Fusion Science Master's students got their first taste of ''fusion for real'' at Tore Supra. (Click to view larger version...)
Fusion Science Master's students got their first taste of ''fusion for real'' at Tore Supra.
The challenges of fusion are many. One, however, holds the key to all others: the training of a new generation of fusion scientists who will take fusion to the threshold of industrial and commercial production.

Last month, as part of their Fusion Science Master's program, students from participating French universities got their first taste of "fusion for real" at Tore Supra. Practical fieldwork included measurements of the critical current inside a superconducting strand, studies of the confinement regime of ohmic plasmas and qualification of plasma-facing components.

For a student, it was a great time to be doing fieldwork at Tore Supra. The CEA-Euratom superconducting tokamak recently began experiments with the newest lower hybrid antenna, and achieved the coupling of 2.7 MW to a stationary plasma for 80 seconds—representing 223 MJ of energy injected.

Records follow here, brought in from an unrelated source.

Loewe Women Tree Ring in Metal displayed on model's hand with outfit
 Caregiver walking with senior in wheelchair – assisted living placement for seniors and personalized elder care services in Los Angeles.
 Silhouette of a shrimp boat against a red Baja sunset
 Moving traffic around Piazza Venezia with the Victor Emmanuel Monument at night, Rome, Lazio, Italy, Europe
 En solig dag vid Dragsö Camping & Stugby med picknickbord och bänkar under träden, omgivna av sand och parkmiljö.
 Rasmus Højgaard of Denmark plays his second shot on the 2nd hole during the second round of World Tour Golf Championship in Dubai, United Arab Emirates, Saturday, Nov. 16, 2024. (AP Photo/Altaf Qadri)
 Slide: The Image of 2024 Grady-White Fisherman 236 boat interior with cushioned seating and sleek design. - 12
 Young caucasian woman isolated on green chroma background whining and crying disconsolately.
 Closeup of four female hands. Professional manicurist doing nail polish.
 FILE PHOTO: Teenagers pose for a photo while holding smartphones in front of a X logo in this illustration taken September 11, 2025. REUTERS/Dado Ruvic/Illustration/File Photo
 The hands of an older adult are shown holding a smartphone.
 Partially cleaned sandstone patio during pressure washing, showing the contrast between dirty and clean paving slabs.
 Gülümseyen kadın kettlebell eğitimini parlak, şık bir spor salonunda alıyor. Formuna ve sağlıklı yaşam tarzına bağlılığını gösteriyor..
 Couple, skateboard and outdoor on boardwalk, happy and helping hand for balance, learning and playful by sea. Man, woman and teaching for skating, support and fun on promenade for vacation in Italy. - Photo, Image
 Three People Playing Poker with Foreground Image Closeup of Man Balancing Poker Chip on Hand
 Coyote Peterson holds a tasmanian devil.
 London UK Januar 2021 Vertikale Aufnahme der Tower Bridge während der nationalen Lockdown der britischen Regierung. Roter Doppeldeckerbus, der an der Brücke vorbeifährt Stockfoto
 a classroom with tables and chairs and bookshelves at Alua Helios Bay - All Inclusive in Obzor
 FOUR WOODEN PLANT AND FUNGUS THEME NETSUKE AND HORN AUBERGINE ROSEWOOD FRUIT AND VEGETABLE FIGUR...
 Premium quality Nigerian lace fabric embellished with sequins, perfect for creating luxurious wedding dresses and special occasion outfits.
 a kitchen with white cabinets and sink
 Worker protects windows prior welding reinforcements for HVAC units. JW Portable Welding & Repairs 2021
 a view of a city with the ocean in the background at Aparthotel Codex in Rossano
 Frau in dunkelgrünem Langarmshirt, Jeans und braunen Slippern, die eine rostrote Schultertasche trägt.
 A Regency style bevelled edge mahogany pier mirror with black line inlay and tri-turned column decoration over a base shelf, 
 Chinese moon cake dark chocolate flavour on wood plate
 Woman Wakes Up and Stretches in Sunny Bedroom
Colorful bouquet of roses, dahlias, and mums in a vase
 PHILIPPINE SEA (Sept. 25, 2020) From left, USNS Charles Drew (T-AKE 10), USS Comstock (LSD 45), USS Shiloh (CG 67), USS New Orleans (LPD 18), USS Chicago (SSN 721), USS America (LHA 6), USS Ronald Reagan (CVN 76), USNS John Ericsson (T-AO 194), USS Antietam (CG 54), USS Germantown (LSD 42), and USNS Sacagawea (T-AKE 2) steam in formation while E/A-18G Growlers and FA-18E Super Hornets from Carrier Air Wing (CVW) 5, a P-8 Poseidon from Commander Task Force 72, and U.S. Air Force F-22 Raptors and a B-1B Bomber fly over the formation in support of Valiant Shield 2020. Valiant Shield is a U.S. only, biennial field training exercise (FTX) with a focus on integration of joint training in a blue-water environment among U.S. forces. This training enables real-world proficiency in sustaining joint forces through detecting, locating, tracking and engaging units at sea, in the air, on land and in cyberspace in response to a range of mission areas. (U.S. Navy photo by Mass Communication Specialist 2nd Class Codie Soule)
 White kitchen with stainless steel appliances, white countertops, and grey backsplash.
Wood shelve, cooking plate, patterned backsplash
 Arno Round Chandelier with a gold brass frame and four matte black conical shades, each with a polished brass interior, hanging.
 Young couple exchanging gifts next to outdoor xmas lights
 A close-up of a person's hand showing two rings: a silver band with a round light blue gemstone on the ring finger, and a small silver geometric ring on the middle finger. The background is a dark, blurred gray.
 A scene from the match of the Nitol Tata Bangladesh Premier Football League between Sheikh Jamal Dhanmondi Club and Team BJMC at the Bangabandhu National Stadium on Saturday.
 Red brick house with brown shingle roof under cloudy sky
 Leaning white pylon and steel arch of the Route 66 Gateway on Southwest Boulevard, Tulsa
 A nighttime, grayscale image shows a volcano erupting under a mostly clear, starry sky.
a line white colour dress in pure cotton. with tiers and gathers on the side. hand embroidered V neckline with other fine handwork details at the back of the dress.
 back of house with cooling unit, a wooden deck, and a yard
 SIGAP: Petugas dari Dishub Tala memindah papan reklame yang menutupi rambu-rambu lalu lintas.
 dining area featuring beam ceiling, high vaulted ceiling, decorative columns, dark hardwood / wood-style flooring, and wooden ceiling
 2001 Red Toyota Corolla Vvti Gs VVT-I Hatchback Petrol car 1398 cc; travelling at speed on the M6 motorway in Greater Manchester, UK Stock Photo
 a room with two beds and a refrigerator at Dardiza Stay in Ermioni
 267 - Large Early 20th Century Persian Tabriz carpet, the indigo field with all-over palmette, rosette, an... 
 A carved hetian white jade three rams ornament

Tore Supra's research on disruption mitigation is important for preparing ITER exploitation. (Click to view larger version...)
Tore Supra's research on disruption mitigation is important for preparing ITER exploitation.
Tore Supra also obtained important results in mitigating the effects of disruptions by way of massive gas injection. In present fusion devices, due to the relatively low energy stored in the plasma, disruptions are only a minor inconvenience. In ITER however, the energy in the plasma will be 100 times larger and disruptions could cause damage to the machine—hence the importance of Tore Supra's research in disruption mitigation for preparing ITER exploitation.